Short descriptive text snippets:

◆ ◆ ◆ ◆ ◆

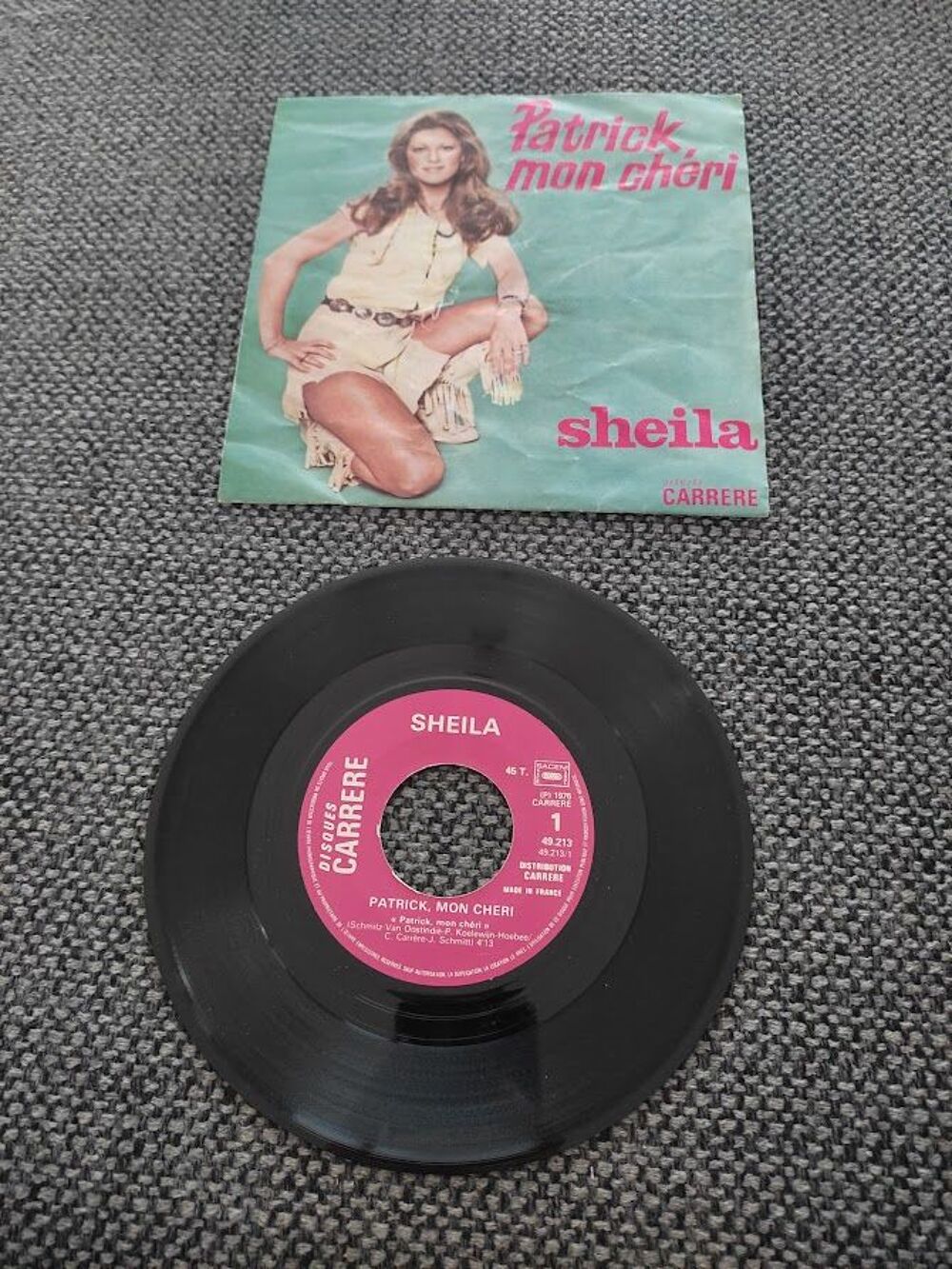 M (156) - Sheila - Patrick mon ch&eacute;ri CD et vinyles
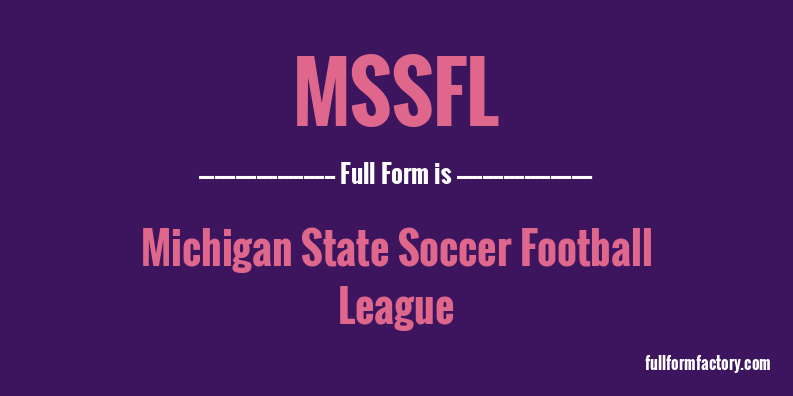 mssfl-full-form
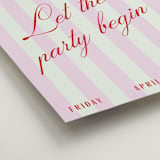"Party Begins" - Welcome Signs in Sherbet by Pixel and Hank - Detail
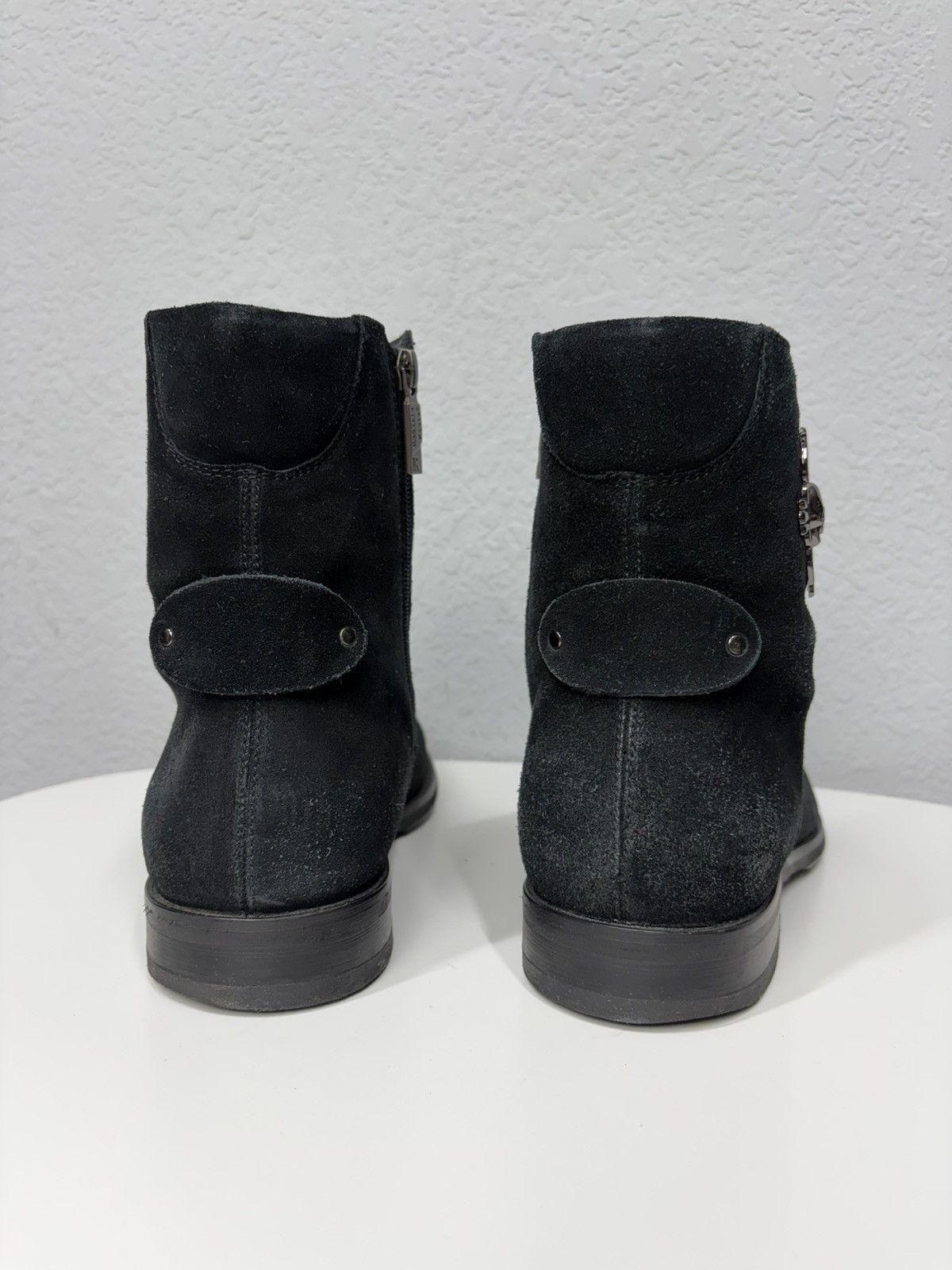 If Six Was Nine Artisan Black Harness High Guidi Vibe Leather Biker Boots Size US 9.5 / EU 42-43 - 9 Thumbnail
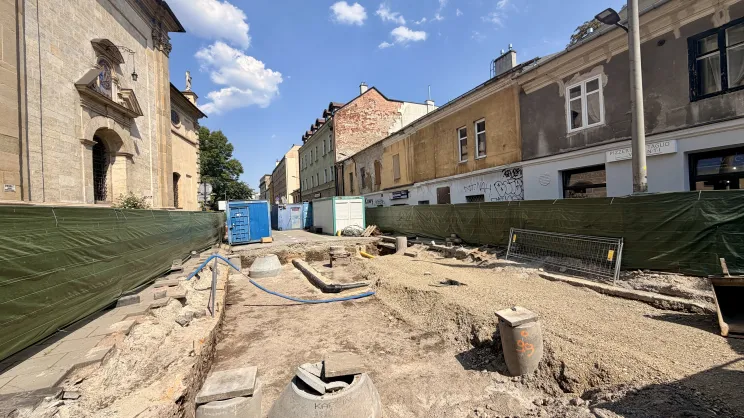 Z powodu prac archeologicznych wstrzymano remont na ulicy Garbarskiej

◆ ◆ ◆ ◆ ◆

Please retype the records above exactly, excluding every picture.

- Task answer:
 M (156) - Sheila - Patrick mon ch&eacute;ri CD et vinyles
 mssfl-full-form
"Party Begins" - Welcome Signs in Sherbet by Pixel and Hank - Detail
 If Six Was Nine Artisan Black Harness High Guidi Vibe Leather Biker Boots Size US 9.5 / EU 42-43 - 9 Thumbnail
 Z powodu prac archeologicznych wstrzymano remont na ulicy Garbarskiej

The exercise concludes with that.